First, it is a signal reference for all of the electronics inside the cavity.  Every conductor in the cavity carries an electromagnetic signal that has a corresponding return path.  A proper shield will act as that return path, while an improper shield will require that the return path divert through other conductors.  While this is not a problem for proper circuit operation, it does allow each conductor to act as an antenna.  For a cavity shield to act as a signal reference, it need only be a single grounded plane of a good conductor, like copper.

Second, the shield acts as an isolator for electromagnetic interference and radiation.  Generally, the technician is not concerned about electromagnetic radiation because the internal electronics are both relatively low power and low frequency.  Electromagnetic interference, which is radiation from other electronics such as lighting, equipment, and radio transmission, on the other hand is often a problem for instruments.  The instrument cavity needs to be properly shielded to block this interference.  A proper shield is a conductive cage that will block interference that is in the frequency range that will produce audio frequency signals in the instrument electronics. This shield can be as simple as 2 planes of copper on the bottom and top of the cavity tied together by a conductor at each end of the cavity.  This creates a cage with an aperture of about 150mm which will block interference signals that have quarter wavelengths longer than the aperture.  A quarter wavelength of 150mm equates to a frequency of 500MHz, which is significantly beyond the audio spectrum.
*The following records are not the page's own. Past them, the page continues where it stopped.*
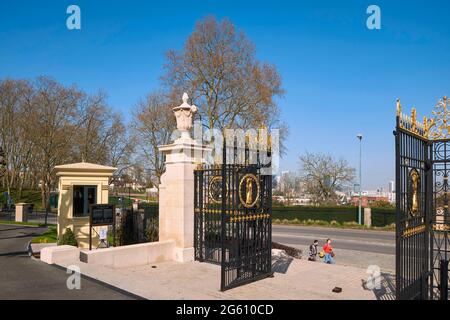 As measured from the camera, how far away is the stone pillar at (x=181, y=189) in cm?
1091

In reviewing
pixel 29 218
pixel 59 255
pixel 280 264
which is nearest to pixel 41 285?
pixel 59 255

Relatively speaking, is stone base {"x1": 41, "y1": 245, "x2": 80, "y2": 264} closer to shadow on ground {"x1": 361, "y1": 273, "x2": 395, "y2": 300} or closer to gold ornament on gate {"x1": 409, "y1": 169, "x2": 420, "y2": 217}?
shadow on ground {"x1": 361, "y1": 273, "x2": 395, "y2": 300}

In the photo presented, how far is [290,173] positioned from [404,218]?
6936 centimetres

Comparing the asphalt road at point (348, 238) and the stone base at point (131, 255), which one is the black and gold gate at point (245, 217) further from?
the asphalt road at point (348, 238)

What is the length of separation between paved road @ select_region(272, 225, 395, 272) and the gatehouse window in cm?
1097

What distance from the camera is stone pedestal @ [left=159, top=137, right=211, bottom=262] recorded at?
10.9m

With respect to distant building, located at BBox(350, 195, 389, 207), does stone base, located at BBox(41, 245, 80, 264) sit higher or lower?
higher

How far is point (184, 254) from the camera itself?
10.8m

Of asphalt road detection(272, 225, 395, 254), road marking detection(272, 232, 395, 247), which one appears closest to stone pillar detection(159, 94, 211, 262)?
asphalt road detection(272, 225, 395, 254)

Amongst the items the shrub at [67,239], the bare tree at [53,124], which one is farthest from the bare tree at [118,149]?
the shrub at [67,239]

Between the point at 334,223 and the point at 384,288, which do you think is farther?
the point at 334,223

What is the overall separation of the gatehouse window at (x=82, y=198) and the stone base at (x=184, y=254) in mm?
6342

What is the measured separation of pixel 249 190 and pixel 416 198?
3500 mm

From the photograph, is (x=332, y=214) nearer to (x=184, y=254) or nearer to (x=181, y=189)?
(x=184, y=254) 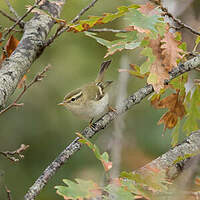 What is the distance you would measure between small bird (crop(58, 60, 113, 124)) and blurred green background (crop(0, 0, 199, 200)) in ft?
4.11

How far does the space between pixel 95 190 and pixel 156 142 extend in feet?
10.9

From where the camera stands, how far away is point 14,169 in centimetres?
472

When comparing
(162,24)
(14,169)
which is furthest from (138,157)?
(14,169)

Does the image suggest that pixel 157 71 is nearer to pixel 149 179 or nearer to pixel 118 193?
pixel 149 179

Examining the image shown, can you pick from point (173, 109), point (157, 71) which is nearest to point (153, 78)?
point (157, 71)

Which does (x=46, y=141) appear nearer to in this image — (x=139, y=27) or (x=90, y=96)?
(x=90, y=96)

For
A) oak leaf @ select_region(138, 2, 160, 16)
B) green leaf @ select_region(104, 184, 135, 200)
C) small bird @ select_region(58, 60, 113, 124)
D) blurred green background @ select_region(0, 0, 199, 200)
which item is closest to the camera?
green leaf @ select_region(104, 184, 135, 200)

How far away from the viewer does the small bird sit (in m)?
3.13

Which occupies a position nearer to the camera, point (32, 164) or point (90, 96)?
point (90, 96)

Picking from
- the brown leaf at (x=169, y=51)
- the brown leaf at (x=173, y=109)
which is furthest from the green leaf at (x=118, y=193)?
the brown leaf at (x=173, y=109)

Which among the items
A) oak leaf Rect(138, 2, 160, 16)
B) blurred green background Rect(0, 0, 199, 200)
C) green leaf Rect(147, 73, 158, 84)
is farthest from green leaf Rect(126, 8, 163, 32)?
blurred green background Rect(0, 0, 199, 200)

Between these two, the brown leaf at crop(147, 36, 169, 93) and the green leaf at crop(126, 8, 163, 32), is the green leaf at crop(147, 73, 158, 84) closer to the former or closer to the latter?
the brown leaf at crop(147, 36, 169, 93)

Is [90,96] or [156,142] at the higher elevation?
[90,96]

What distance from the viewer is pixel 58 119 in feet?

Shielding with metal foil:

Solder-able metal foil (copper or brass) should be used. All parts of the metal foil shielding should connect to ground by firm metal to metal contact (cover plate screwed down to metal "lip") or by soldered connection. Understand that any foil that is not connected to ground will act as antenna - making noise problems worse.  Again, poor ground connections are the primary source of noise.

Shielding with conductive paint:

Good shielding paint properly applied is reasonably good though not as good as metal foil. Extra care must be taken in grounding it. To make a good connection from the paint coat to the ground of the output jack, try the following:

  • Strip the outside insulation and the inside guts from a 2" or 3" length of our 1 conductor shielded cable (if you have grounding braid available you don't have to do this, of course). Flatten it and scrape it on both sides for about 1/2" with a sharp knife blade so that you see a lot of "bright" metal.
  • Staple it or screw it with a very small wood screw to one of the painted sides of the cavity. Give it 2 or 3 coats of the shielding paint over the scraped section, the paint will contact a lot more of the metallic conductor than if it was a single wire.
  • Solder the other end to the ground lug of the output jack. While you solder, grip the braid near the jack with long nose pliers or an alligator clip so that the heat does not travel down the braid and bother the "join" to the side wall.

The quality of paint shielding can be checked with an ohmmeter ( a multimeter or volt/ohm meter set to Resistance and to the X1 scale). The meter probes should be freshly sanded (lightly with 320 or 400 grit) to remove oxidation from the metal. Adjust the zero setting with the probes touching each other.

Touch the probes to the painted surface at points 1" apart. The reading from the meter should be in the region of 10 to 20 ohms, the lower the better. The best paints and silver inks will measure 1 to 2 ohms. Metal foil will measure less than 0.1 ohm. Make sure that you get a low reading to the output jack ground and bridge also.